8 thoughts on “Up on the Soapbox: The Racing Industry

  1. a business model that considers horses disposable products that should be replaced when they are three years old when they can live to be thirty is going to produce more horses that can be cared for. In this model, money is made from stud fees, mare and foal care, and prepping young horses. Purses and prices peak at three-year old futurities. When there is no significant money to be made competing and drugs can no longer disguise their physical and mental injuries, these horses and any ‘excess’ stock are ‘discarded’, meaning sent to slaughter, and the cycle starts over.

    This alone is bad news, not just for horses but for all reputable trainers, owners, and breeders whose efforts are marginalized. Why spend time and money training a horse properly or buying a well-trained one when you are going to kill it in a few months any way? The disposable horse paradigm is bad for the horse business. A start towards shifting it would be larger purses for older horses, lesser purses for younger ones, and banning breeders, owners, and trainers that send their animals to slaughter from both competing and registering horses….

    from my blog:

  2. I have mixed feelings on it as well, especially because I own an OTTB (with 0 starts). I don’t think I’d be upset if they banned horse racing in the US… I predict it’l happen in our lifetime.

  3. Very real post…

    I have owned 3 OTTB’s.Two came from the same trainer- a honest and hard working man who would pay to feed and care for the horses till he could find them a new home because the owners were done with them. Henry came from a very wealthy lady who breeds but makes sure that her horses go to good homes after racing.

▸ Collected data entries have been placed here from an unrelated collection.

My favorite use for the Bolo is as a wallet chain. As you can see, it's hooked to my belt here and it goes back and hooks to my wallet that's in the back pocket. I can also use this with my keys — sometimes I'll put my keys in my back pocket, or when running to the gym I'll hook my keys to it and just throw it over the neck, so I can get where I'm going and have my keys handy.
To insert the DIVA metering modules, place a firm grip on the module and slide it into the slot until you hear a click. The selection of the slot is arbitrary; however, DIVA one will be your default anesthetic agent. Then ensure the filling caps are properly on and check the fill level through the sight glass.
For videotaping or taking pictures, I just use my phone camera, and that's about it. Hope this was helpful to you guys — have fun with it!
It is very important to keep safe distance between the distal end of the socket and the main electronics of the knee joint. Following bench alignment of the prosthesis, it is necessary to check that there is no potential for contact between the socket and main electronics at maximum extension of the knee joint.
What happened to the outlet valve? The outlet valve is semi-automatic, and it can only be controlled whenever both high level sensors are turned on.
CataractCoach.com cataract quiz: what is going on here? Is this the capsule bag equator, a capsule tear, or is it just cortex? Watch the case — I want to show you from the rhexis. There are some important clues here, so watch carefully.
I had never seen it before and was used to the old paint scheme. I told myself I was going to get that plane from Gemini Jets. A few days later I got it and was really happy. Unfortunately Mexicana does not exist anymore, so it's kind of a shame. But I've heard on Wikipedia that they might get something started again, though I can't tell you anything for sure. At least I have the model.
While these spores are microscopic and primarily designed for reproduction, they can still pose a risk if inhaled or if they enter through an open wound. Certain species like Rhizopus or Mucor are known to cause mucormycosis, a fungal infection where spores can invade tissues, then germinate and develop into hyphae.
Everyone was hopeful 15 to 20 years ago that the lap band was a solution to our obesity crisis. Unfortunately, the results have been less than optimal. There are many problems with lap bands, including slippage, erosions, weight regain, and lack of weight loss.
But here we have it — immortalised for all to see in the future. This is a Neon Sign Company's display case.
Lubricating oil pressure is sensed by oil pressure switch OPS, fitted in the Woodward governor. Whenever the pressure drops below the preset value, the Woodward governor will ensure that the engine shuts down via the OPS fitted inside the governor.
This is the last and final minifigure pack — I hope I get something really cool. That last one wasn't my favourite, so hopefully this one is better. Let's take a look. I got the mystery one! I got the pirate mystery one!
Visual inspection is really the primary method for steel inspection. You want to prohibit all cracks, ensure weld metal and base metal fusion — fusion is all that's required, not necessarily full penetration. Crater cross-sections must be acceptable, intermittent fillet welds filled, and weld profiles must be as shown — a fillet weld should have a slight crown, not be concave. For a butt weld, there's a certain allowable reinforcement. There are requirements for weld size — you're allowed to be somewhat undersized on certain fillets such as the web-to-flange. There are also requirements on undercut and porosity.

    I know that isn’t the norm for OTTB’s… sadly.

    I almost pretend racing doesn’t exist because the few times that I have watched it, I feel a pit in my stomach waiting for something bad to happen. I prefer to go drool over the horses, picking the ones i’d like to take home 🙂

  4. I fall into the same trap. I do enjoy watching a good race, but when I remember everything that goes on behind the scenes it breaks my heart to think of the horses and what will happen to them.

  5. Ai, I agree. While on one hand I love the races, on the other hand I hate it as well- I really think they need to change the minimum racing age to like 4. That would really force breeders/owners/trainers to think more about the horses as a long-term investment, instead of just a 2-4 year gig.

    My horse was too little so they never sent him to the track, although my owner said she thought about it. (Then again, she’s never sent any of her babies to the track, so idk how true that is ha! She has ‘rescued’ OTTBs who are unsound for riding due to injuries not necessarily caused by genetics to breed. I’m not sure I agree with that, either, but somehow I got a pretty amazing horse out of it so I’m just going to take it. She does take really good care of her horses, so I give her that). But at 5, he is just now starting to finish growing. It’s SO unhealthy to have these horses racing at 2. They’re just babies!!!

    But at the same time, I know people say eventing is a cruel sport etc. etc. I try to pretend it’s not, because we go that extra mile to take care of horses, try to take things slow, etc., but I still know accidents happen and people are out there making horses who shouldn’t be jumping, jump, and horses who hate their job do it, moving up too fast through the levels etc. etc. (But I will say, I have found more people that do truly care for their horse’s welfare in eventing than just about any discipline I’ve participated in)

    • I agree! I definitely try to take a slow approach to training babies by waiting until they are physically and mentally mature before learning new skills- jumping especially can be just as hard on their bodies as galloping, if not harder!